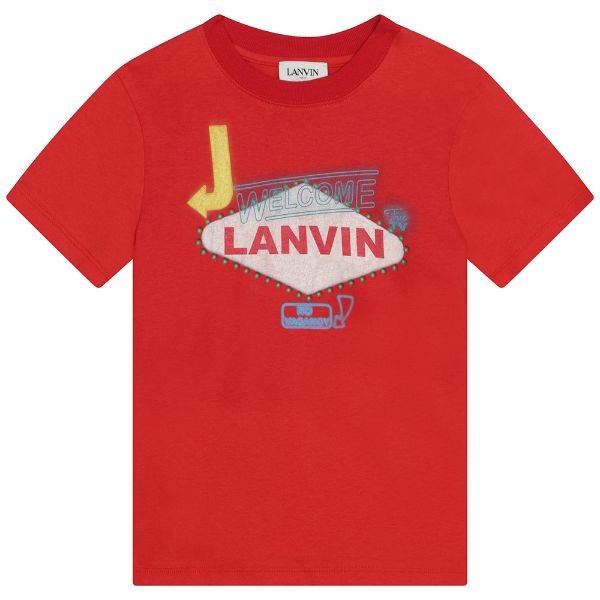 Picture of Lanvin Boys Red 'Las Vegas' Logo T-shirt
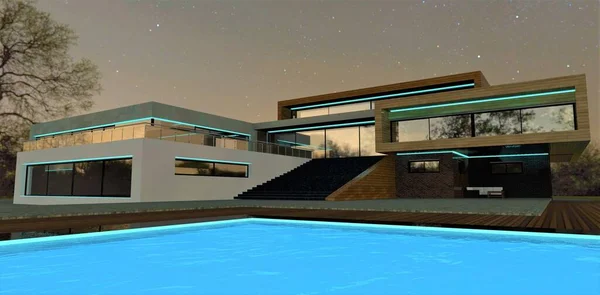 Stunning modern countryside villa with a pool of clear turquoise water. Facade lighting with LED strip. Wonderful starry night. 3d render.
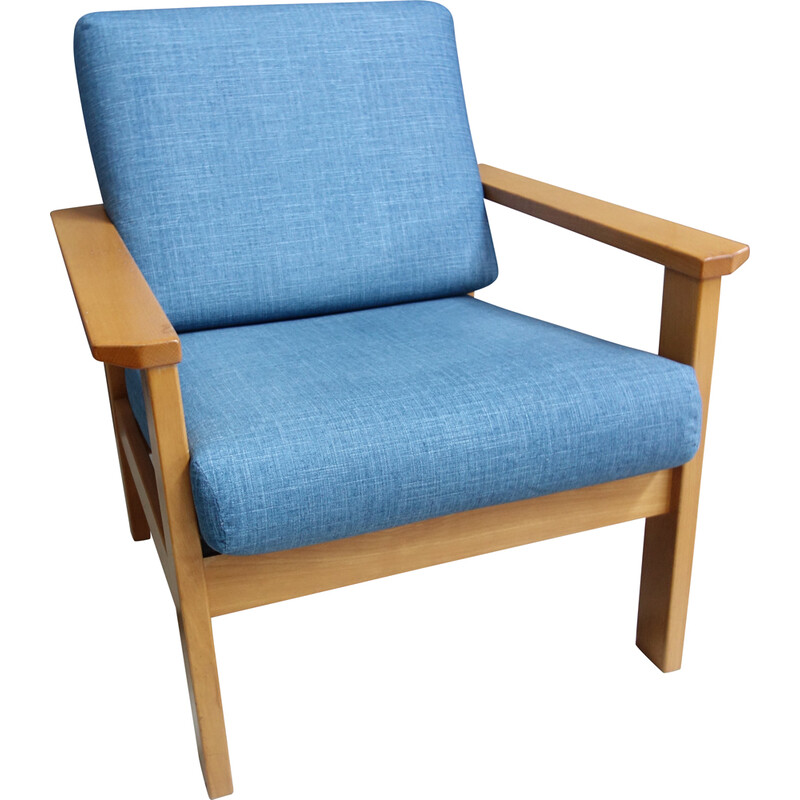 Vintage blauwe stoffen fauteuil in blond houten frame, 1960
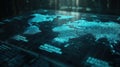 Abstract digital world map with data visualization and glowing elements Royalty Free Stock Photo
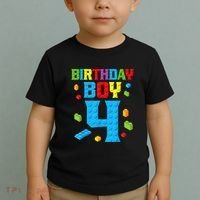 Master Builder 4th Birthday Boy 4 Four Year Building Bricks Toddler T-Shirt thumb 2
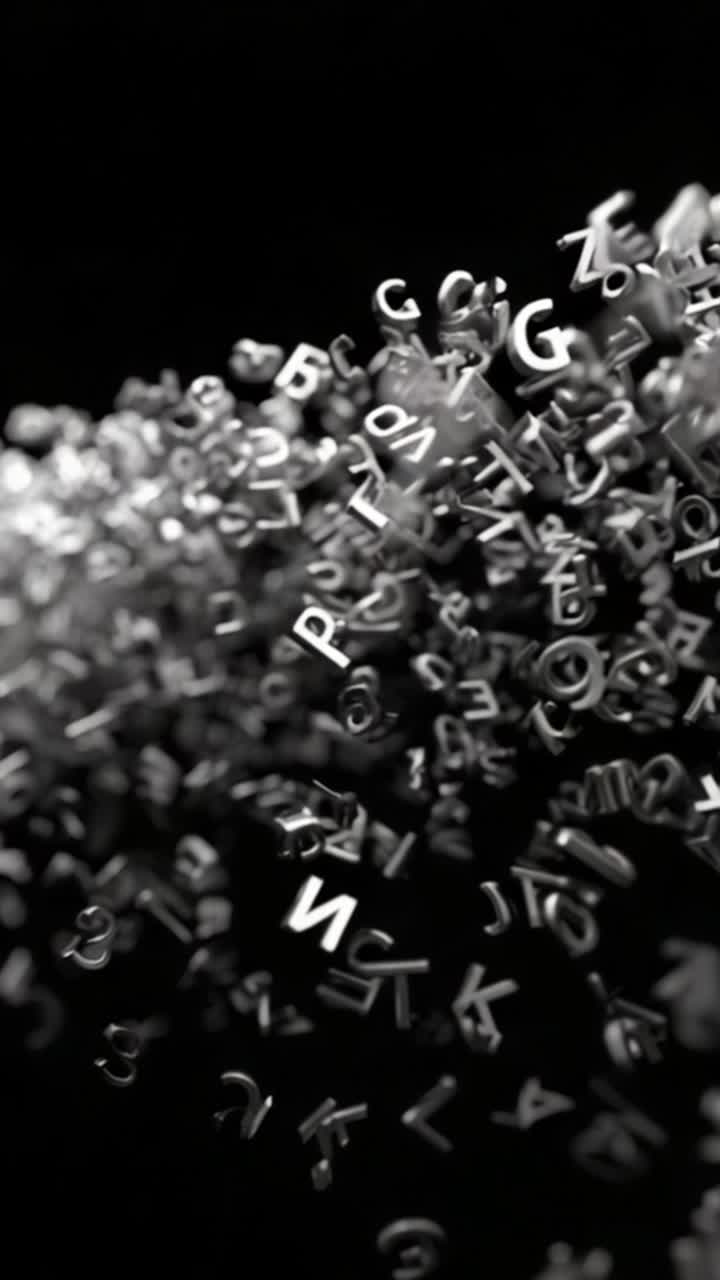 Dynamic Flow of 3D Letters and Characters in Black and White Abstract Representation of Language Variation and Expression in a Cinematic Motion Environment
════════
■ The problem: Excluding pictures, print all lines above exactly.

■ Your solution:
 Picture of Lanvin Boys Red 'Las Vegas' Logo T-shirt
 Stunning modern countryside villa with a pool of clear turquoise water. Facade lighting with LED strip. Wonderful starry night. 3d render.
 Vintage blauwe stoffen fauteuil in blond houten frame, 1960
 Abstract digital world map with data visualization and glowing elements Royalty Free Stock Photo
 Master Builder 4th Birthday Boy 4 Four Year Building Bricks Toddler T-Shirt thumb 2
 Dynamic Flow of 3D Letters and Characters in Black and White Abstract Representation of Language Variation and Expression in a Cinematic Motion Environment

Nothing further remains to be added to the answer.